_PROBLEM DESCRIPTION_. Your copy should match the records exactly, except that it contains no pictures.

# # # # # # #

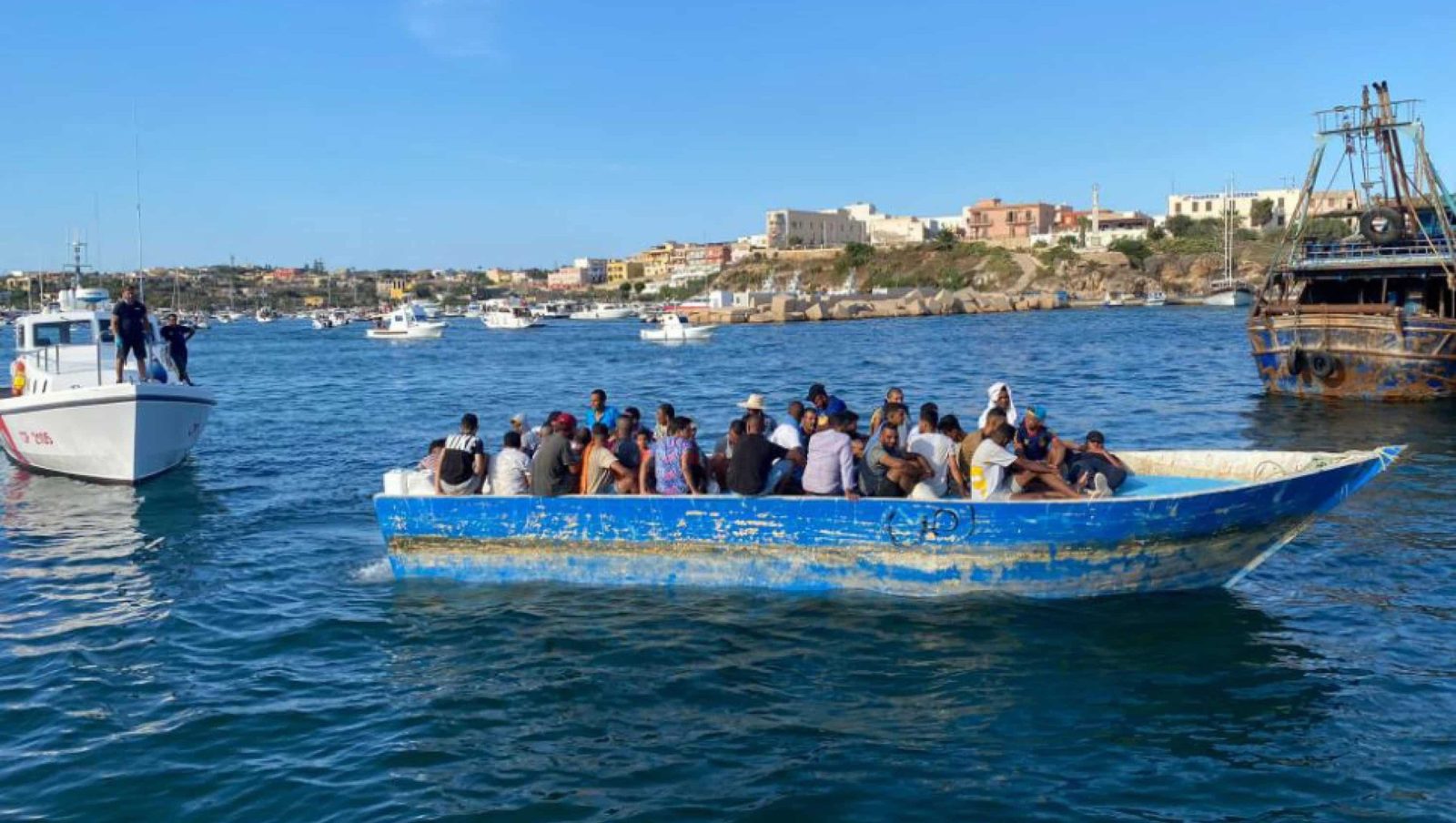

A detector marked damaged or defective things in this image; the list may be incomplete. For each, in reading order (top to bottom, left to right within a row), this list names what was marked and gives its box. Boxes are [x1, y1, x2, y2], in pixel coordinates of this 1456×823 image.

rusty fishing trawler [1246, 84, 1456, 401]
peeling blue paint on hull [375, 445, 1398, 600]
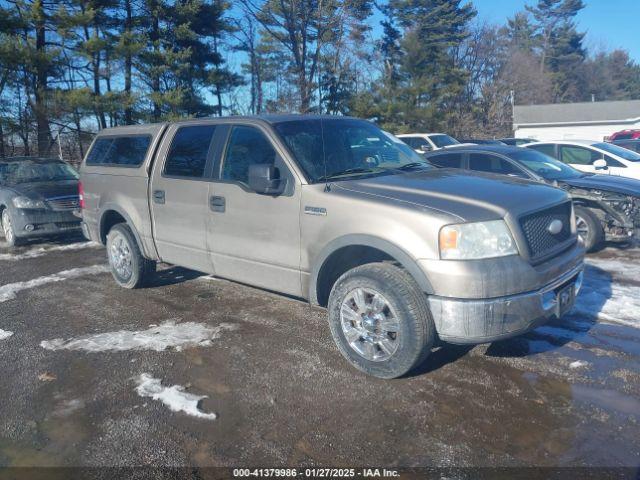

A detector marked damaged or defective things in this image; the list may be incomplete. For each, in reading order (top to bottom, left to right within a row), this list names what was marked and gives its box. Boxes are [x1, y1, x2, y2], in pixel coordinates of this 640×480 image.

damaged car [424, 145, 640, 251]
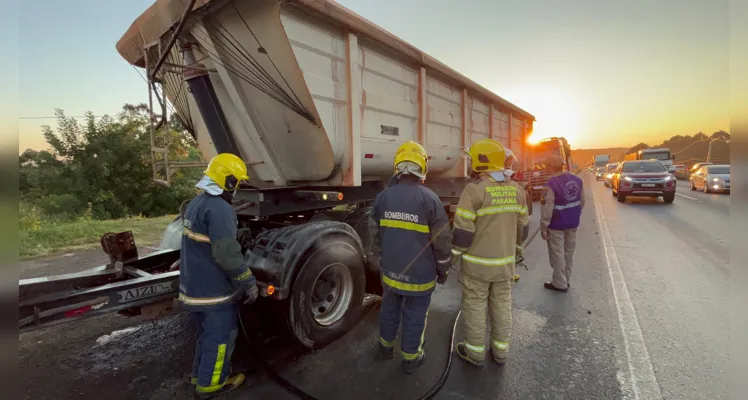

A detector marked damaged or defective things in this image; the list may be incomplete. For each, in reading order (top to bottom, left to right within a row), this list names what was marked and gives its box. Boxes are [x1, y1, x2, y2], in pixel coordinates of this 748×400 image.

# # # # # # #

_EXERCISE SOLUTION_.
A detector marked damaged or defective things in this image; the list may be incomplete. For each, in reading order (top to bottom, left to right within a row), this list names what was marked and gives its box. Boxes are [x1, y1, x2, y2], in pixel coordinates of this 1456×823 image.

rusty fishing trawler [1246, 84, 1456, 401]
peeling blue paint on hull [375, 445, 1398, 600]

A detector marked damaged or defective things in this image; the list may be incomplete. For each, in reading order (top to bottom, left to right within a row), this list names what was marked and gives its box. Boxes are [x1, y1, x2, y2], in pixel coordinates of this 640×480 image.

damaged car [424, 145, 640, 251]

A detector marked damaged or defective things in this image; the list may be incomplete. For each, in reading order (top to bottom, left to right within a row), this list names what was marked and gives its box. Boxes are [x1, y1, x2, y2], in pixel coordinates of this 748×400 image.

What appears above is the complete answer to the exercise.